I do not know with certainty if we are in the midst of a tech bubble. It feels like it — particularly with Uber in talks to raise funding at a $17 billion valuation — but I also felt that way when Microsoft (MSFT) invested in Facebook (FB) at a $15 billion valuation.
But I do know this: Whether or not we are in a tech bubble cannot be discerned by comparing today’s conditions to those of 2000.
In her 2014 State of the Internet report, Mary Meeker acknowledged that there is some tech valuation “excess,” but then tried to allay fears by pointing out
* Tech IPO volume is 73% below peak 1999 levels.
* NASDAQ is valued 18% lower than its March 2000 peak.
* Venture capitalists invested 77% less in U.S. tech companies last year than they did in 2000.
Conversely, there have been plenty of bubble believers who have written about the similarities between 2000 and today, in order to lend their argument further credence.

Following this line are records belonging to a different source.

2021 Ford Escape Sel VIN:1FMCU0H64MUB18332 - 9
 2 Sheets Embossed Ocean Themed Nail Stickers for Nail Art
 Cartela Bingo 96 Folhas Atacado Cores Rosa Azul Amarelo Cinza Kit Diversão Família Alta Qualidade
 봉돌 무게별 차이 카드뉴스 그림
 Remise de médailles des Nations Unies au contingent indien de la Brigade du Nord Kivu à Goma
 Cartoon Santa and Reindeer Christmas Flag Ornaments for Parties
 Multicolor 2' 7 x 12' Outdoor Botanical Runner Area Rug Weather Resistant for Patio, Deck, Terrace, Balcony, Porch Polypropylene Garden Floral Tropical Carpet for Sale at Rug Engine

But here’s the thing: Each bubble is unique. Each one has different causes and different magnitudes. Today’s tech market may indeed have crossed from “excess” into “bubble” territory, but that doesn’t necessarily mean that it will (or won’t) eventually help send the country into a recession (as the dotcom bust did in 2001). After all, sometimes bubbles pop and sometimes they just deflate. Or perhaps the fact that today’s tech landscape is so different than it was in 2000 — deep smartphone penetration, ubiquitous enterprise adoption, etc. — means that we could actually top 2000 in terms of things like IPO and VC volume without being in a bubble.
There certainly is value in analyzing the past for clues to the future, but I think it’s dangerous to follow those clues into definitive conclusions. We’ll know our present-day condition with certainty once it’s in the rear-view mirror. Until then, let 2000 be its own bubble.